» **WORK TASK**: If a line below falls between the line with "Der EUR/USD 2,0 Thread 678904" and the line with "Market position of", or is one of those two, output it exactly; output nothing else and no pictures.

» **EXERCISE MATERIAL**:

++++++

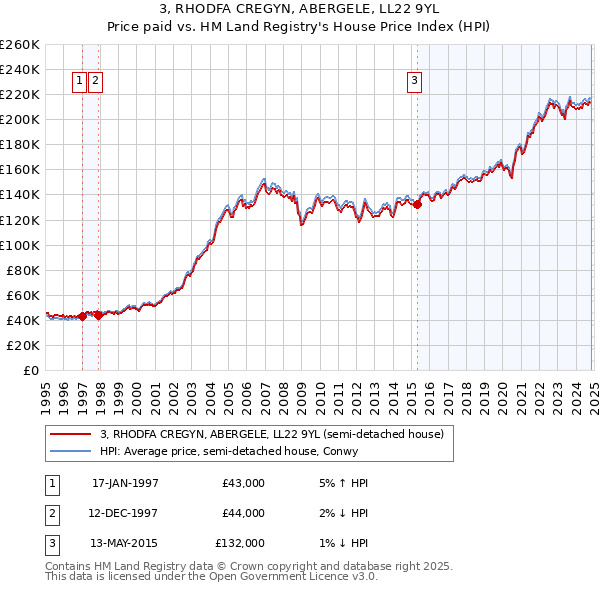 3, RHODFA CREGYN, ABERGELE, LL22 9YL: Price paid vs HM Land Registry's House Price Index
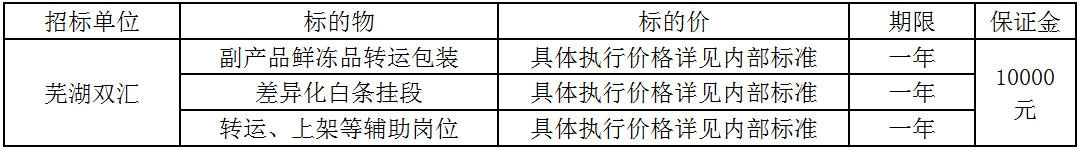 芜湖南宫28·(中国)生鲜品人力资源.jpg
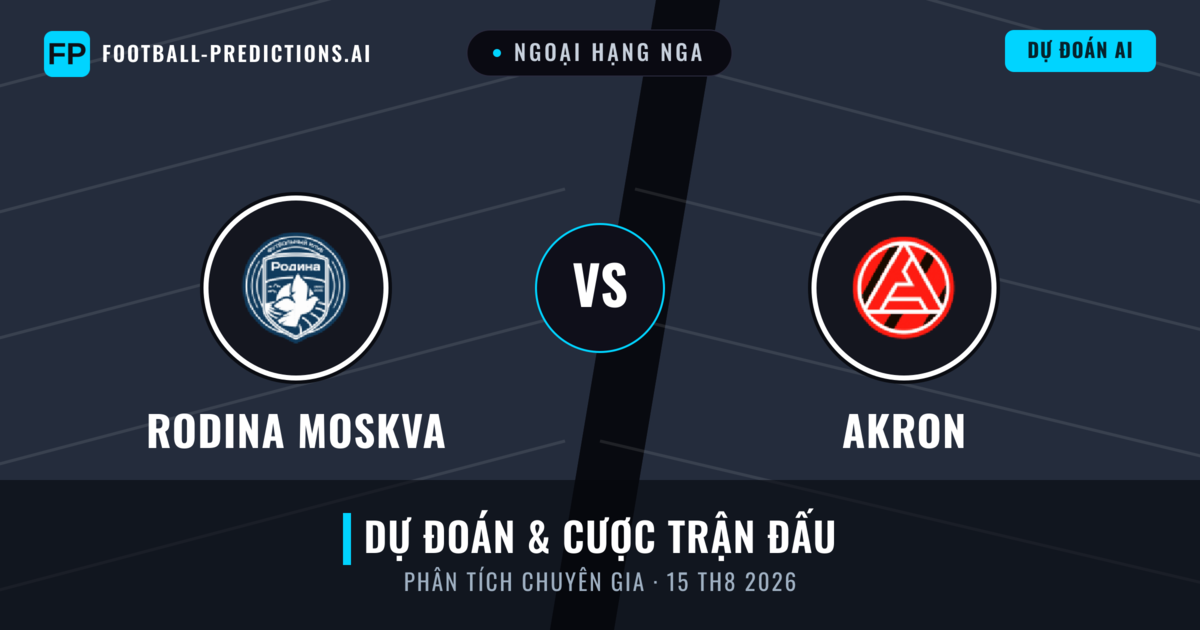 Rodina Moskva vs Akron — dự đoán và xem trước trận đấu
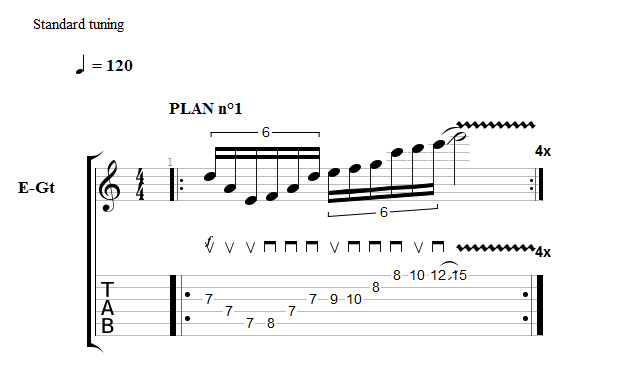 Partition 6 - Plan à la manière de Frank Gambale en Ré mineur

++++++

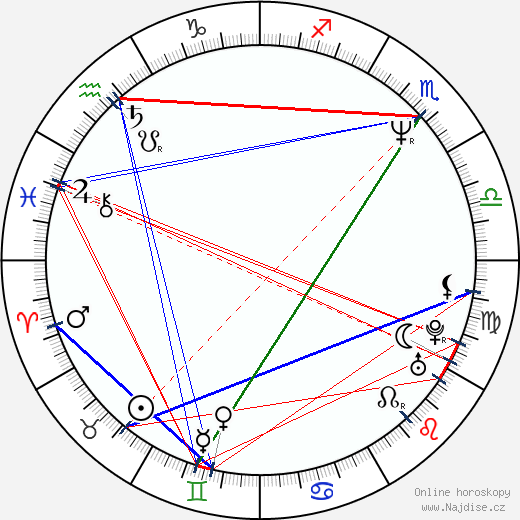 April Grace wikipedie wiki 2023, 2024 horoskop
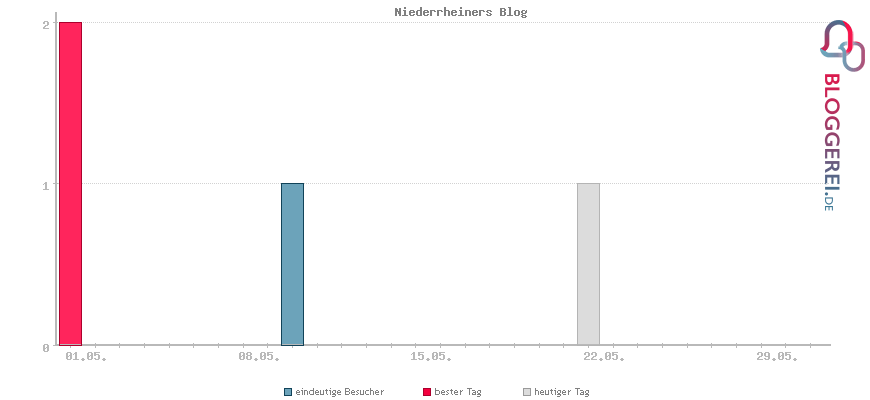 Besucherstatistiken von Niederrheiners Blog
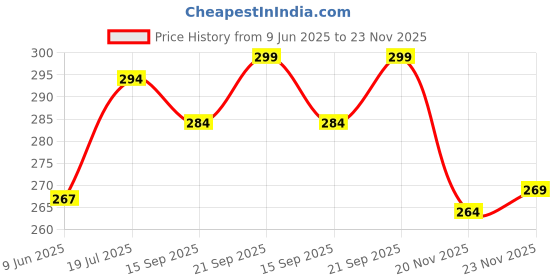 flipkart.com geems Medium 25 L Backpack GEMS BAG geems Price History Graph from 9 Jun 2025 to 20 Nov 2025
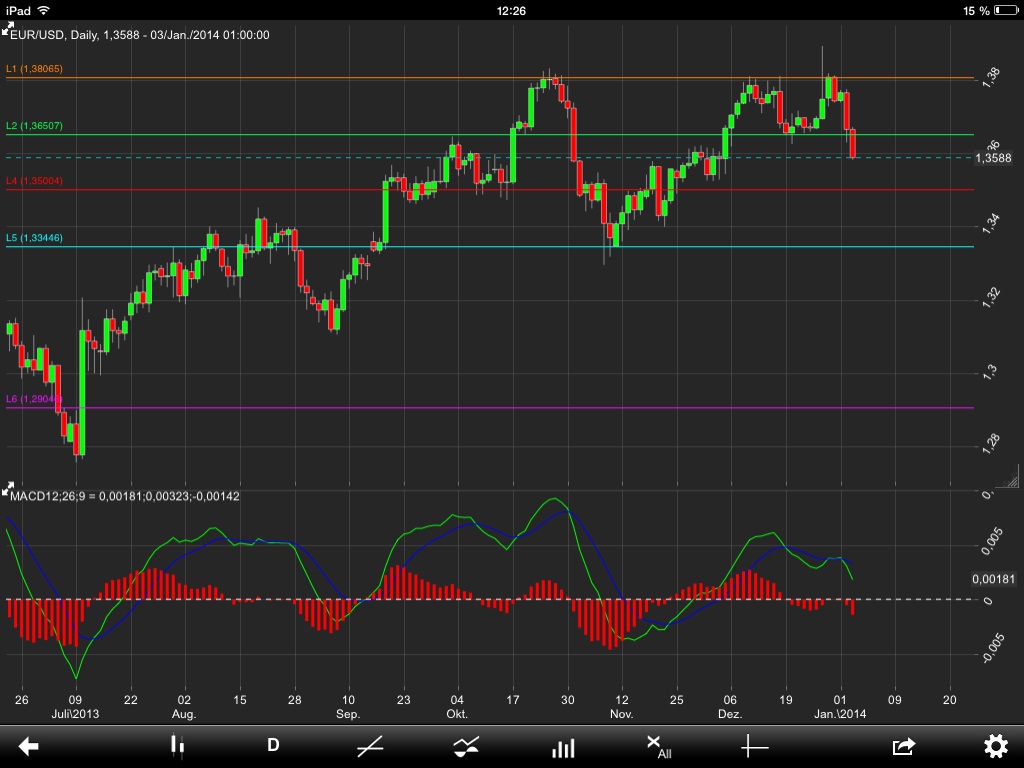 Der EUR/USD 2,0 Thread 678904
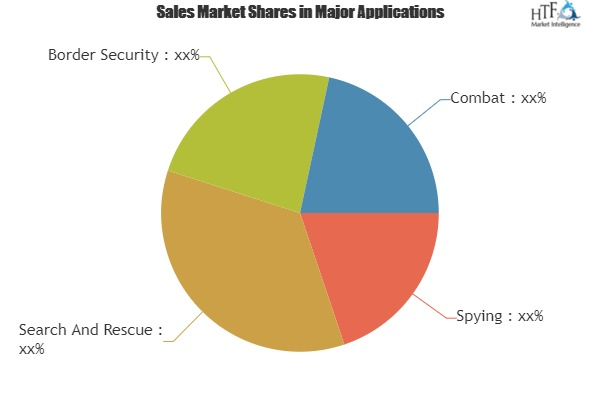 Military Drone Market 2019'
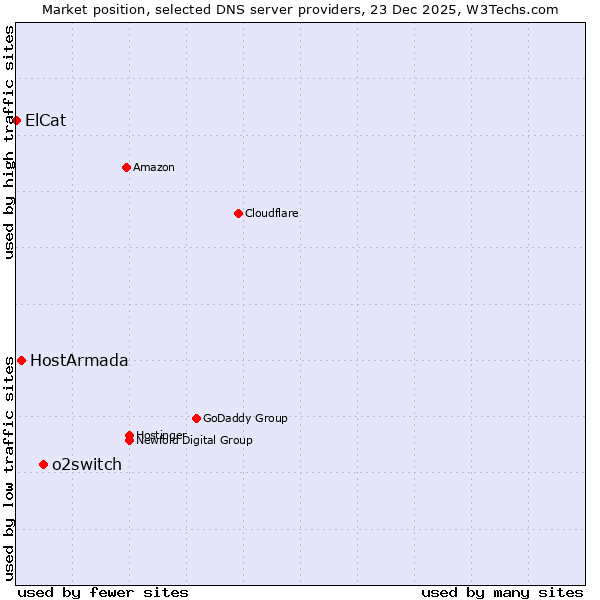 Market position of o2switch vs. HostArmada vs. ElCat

++++++

» **OUTPUT FOR THIS EXERCISE**:
 Der EUR/USD 2,0 Thread 678904
 Military Drone Market 2019'
 Market position of o2switch vs. HostArmada vs. ElCat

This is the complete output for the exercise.